GOAL OF THE EXERCISE: Write the records out again in full, word for word.

DATA EXTRACT:
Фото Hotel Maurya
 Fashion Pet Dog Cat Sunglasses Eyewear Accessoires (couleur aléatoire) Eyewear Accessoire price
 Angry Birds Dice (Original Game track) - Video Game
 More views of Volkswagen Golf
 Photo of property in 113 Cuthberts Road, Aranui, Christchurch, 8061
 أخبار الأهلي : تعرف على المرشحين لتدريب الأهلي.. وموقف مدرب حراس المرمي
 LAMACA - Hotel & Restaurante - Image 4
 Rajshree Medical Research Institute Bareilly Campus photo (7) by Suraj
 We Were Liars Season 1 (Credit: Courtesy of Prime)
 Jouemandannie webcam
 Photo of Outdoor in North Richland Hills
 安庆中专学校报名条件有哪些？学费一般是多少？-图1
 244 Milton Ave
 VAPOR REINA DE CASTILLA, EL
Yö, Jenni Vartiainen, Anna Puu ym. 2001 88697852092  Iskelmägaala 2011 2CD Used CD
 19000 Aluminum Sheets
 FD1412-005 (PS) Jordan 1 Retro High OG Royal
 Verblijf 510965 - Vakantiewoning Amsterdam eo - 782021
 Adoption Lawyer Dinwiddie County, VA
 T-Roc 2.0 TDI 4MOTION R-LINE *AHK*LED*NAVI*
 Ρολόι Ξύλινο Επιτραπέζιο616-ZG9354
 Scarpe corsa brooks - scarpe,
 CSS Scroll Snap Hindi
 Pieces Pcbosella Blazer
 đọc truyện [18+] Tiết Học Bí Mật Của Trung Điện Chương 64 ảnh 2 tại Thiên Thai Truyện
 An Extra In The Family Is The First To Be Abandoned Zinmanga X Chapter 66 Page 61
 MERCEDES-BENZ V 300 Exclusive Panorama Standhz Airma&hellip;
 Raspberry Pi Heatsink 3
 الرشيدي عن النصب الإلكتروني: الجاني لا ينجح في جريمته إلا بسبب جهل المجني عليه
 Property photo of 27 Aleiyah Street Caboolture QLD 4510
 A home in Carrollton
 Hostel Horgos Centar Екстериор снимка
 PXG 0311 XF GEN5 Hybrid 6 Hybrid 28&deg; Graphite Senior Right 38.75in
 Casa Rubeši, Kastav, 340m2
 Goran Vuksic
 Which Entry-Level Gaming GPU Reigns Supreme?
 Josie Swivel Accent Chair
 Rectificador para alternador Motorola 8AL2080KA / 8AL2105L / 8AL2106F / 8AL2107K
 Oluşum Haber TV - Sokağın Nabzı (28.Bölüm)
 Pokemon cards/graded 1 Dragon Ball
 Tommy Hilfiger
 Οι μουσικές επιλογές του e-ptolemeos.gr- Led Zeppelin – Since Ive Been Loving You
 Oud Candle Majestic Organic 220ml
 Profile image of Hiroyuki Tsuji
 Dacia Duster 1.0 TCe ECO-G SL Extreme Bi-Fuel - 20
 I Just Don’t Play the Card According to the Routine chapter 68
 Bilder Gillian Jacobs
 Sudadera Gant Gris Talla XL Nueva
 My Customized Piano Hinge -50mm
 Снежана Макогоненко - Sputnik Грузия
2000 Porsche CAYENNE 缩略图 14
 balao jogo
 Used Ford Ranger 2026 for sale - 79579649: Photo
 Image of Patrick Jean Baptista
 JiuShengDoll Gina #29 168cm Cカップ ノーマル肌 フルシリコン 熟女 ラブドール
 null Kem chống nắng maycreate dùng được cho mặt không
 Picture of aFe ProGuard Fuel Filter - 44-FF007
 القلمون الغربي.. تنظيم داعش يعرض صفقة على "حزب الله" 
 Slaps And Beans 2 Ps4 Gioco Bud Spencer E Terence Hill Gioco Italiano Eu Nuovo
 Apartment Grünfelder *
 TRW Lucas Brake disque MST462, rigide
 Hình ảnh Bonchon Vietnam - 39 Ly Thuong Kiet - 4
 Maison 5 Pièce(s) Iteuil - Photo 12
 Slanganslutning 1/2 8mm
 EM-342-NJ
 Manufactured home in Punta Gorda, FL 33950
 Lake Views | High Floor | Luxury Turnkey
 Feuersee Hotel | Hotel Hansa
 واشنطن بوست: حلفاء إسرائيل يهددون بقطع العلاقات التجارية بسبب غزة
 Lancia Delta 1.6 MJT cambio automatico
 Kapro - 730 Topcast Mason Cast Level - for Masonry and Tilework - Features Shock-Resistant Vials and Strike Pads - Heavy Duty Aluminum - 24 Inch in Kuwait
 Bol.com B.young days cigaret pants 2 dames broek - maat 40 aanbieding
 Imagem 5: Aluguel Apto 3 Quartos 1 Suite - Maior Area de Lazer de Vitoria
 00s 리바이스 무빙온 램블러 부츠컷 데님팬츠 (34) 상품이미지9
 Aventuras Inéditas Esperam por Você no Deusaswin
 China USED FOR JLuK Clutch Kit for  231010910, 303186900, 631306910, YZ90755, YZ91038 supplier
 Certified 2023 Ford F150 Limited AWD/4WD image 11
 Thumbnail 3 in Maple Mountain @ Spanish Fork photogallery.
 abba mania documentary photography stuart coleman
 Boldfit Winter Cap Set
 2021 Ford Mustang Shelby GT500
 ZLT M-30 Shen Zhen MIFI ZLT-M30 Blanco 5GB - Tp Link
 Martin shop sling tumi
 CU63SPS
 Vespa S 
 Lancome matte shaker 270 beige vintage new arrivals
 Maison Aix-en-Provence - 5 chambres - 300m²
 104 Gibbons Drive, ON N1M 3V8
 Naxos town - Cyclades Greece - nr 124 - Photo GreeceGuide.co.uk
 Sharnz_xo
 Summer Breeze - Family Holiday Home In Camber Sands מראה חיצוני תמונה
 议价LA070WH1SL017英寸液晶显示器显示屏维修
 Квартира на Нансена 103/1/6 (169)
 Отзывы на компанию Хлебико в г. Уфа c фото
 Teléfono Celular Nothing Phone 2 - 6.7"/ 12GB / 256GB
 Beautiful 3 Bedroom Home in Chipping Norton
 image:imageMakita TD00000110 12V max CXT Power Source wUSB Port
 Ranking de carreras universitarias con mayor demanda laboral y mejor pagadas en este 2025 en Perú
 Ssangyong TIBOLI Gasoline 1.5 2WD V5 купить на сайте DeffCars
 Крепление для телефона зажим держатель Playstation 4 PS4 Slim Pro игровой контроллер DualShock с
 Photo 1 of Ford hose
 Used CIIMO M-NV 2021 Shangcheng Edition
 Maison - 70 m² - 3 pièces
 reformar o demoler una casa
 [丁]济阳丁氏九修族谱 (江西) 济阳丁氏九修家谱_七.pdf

SOLUTION TO THIS TASK:
Фото Hotel Maurya
 Fashion Pet Dog Cat Sunglasses Eyewear Accessoires (couleur aléatoire) Eyewear Accessoire price
 Angry Birds Dice (Original Game track) - Video Game
 More views of Volkswagen Golf
 Photo of property in 113 Cuthberts Road, Aranui, Christchurch, 8061
 أخبار الأهلي : تعرف على المرشحين لتدريب الأهلي.. وموقف مدرب حراس المرمي
 LAMACA - Hotel & Restaurante - Image 4
 Rajshree Medical Research Institute Bareilly Campus photo (7) by Suraj
 We Were Liars Season 1 (Credit: Courtesy of Prime)
 Jouemandannie webcam
 Photo of Outdoor in North Richland Hills
 安庆中专学校报名条件有哪些？学费一般是多少？-图1
 244 Milton Ave
 VAPOR REINA DE CASTILLA, EL
Yö, Jenni Vartiainen, Anna Puu ym. 2001 88697852092  Iskelmägaala 2011 2CD Used CD
 19000 Aluminum Sheets
 FD1412-005 (PS) Jordan 1 Retro High OG Royal
 Verblijf 510965 - Vakantiewoning Amsterdam eo - 782021
 Adoption Lawyer Dinwiddie County, VA
 T-Roc 2.0 TDI 4MOTION R-LINE *AHK*LED*NAVI*
 Ρολόι Ξύλινο Επιτραπέζιο616-ZG9354
 Scarpe corsa brooks - scarpe,
 CSS Scroll Snap Hindi
 Pieces Pcbosella Blazer
 đọc truyện [18+] Tiết Học Bí Mật Của Trung Điện Chương 64 ảnh 2 tại Thiên Thai Truyện
 An Extra In The Family Is The First To Be Abandoned Zinmanga X Chapter 66 Page 61
 MERCEDES-BENZ V 300 Exclusive Panorama Standhz Airma&hellip;
 Raspberry Pi Heatsink 3
 الرشيدي عن النصب الإلكتروني: الجاني لا ينجح في جريمته إلا بسبب جهل المجني عليه
 Property photo of 27 Aleiyah Street Caboolture QLD 4510
 A home in Carrollton
 Hostel Horgos Centar Екстериор снимка
 PXG 0311 XF GEN5 Hybrid 6 Hybrid 28&deg; Graphite Senior Right 38.75in
 Casa Rubeši, Kastav, 340m2
 Goran Vuksic
 Which Entry-Level Gaming GPU Reigns Supreme?
 Josie Swivel Accent Chair
 Rectificador para alternador Motorola 8AL2080KA / 8AL2105L / 8AL2106F / 8AL2107K
 Oluşum Haber TV - Sokağın Nabzı (28.Bölüm)
 Pokemon cards/graded 1 Dragon Ball
 Tommy Hilfiger
 Οι μουσικές επιλογές του e-ptolemeos.gr- Led Zeppelin – Since Ive Been Loving You
 Oud Candle Majestic Organic 220ml
 Profile image of Hiroyuki Tsuji
 Dacia Duster 1.0 TCe ECO-G SL Extreme Bi-Fuel - 20
 I Just Don’t Play the Card According to the Routine chapter 68
 Bilder Gillian Jacobs
 Sudadera Gant Gris Talla XL Nueva
 My Customized Piano Hinge -50mm
 Снежана Макогоненко - Sputnik Грузия
2000 Porsche CAYENNE 缩略图 14
 balao jogo
 Used Ford Ranger 2026 for sale - 79579649: Photo
 Image of Patrick Jean Baptista
 JiuShengDoll Gina #29 168cm Cカップ ノーマル肌 フルシリコン 熟女 ラブドール
 null Kem chống nắng maycreate dùng được cho mặt không
 Picture of aFe ProGuard Fuel Filter - 44-FF007
 القلمون الغربي.. تنظيم داعش يعرض صفقة على "حزب الله" 
 Slaps And Beans 2 Ps4 Gioco Bud Spencer E Terence Hill Gioco Italiano Eu Nuovo
 Apartment Grünfelder *
 TRW Lucas Brake disque MST462, rigide
 Hình ảnh Bonchon Vietnam - 39 Ly Thuong Kiet - 4
 Maison 5 Pièce(s) Iteuil - Photo 12
 Slanganslutning 1/2 8mm
 EM-342-NJ
 Manufactured home in Punta Gorda, FL 33950
 Lake Views | High Floor | Luxury Turnkey
 Feuersee Hotel | Hotel Hansa
 واشنطن بوست: حلفاء إسرائيل يهددون بقطع العلاقات التجارية بسبب غزة
 Lancia Delta 1.6 MJT cambio automatico
 Kapro - 730 Topcast Mason Cast Level - for Masonry and Tilework - Features Shock-Resistant Vials and Strike Pads - Heavy Duty Aluminum - 24 Inch in Kuwait
 Bol.com B.young days cigaret pants 2 dames broek - maat 40 aanbieding
 Imagem 5: Aluguel Apto 3 Quartos 1 Suite - Maior Area de Lazer de Vitoria
 00s 리바이스 무빙온 램블러 부츠컷 데님팬츠 (34) 상품이미지9
 Aventuras Inéditas Esperam por Você no Deusaswin
 China USED FOR JLuK Clutch Kit for  231010910, 303186900, 631306910, YZ90755, YZ91038 supplier
 Certified 2023 Ford F150 Limited AWD/4WD image 11
 Thumbnail 3 in Maple Mountain @ Spanish Fork photogallery.
 abba mania documentary photography stuart coleman
 Boldfit Winter Cap Set
 2021 Ford Mustang Shelby GT500
 ZLT M-30 Shen Zhen MIFI ZLT-M30 Blanco 5GB - Tp Link
 Martin shop sling tumi
 CU63SPS
 Vespa S 
 Lancome matte shaker 270 beige vintage new arrivals
 Maison Aix-en-Provence - 5 chambres - 300m²
 104 Gibbons Drive, ON N1M 3V8
 Naxos town - Cyclades Greece - nr 124 - Photo GreeceGuide.co.uk
 Sharnz_xo
 Summer Breeze - Family Holiday Home In Camber Sands מראה חיצוני תמונה
 议价LA070WH1SL017英寸液晶显示器显示屏维修
 Квартира на Нансена 103/1/6 (169)
 Отзывы на компанию Хлебико в г. Уфа c фото
 Teléfono Celular Nothing Phone 2 - 6.7"/ 12GB / 256GB
 Beautiful 3 Bedroom Home in Chipping Norton
 image:imageMakita TD00000110 12V max CXT Power Source wUSB Port
 Ranking de carreras universitarias con mayor demanda laboral y mejor pagadas en este 2025 en Perú
 Ssangyong TIBOLI Gasoline 1.5 2WD V5 купить на сайте DeffCars
 Крепление для телефона зажим держатель Playstation 4 PS4 Slim Pro игровой контроллер DualShock с
 Photo 1 of Ford hose
 Used CIIMO M-NV 2021 Shangcheng Edition
 Maison - 70 m² - 3 pièces
 reformar o demoler una casa
 [丁]济阳丁氏九修族谱 (江西) 济阳丁氏九修家谱_七.pdf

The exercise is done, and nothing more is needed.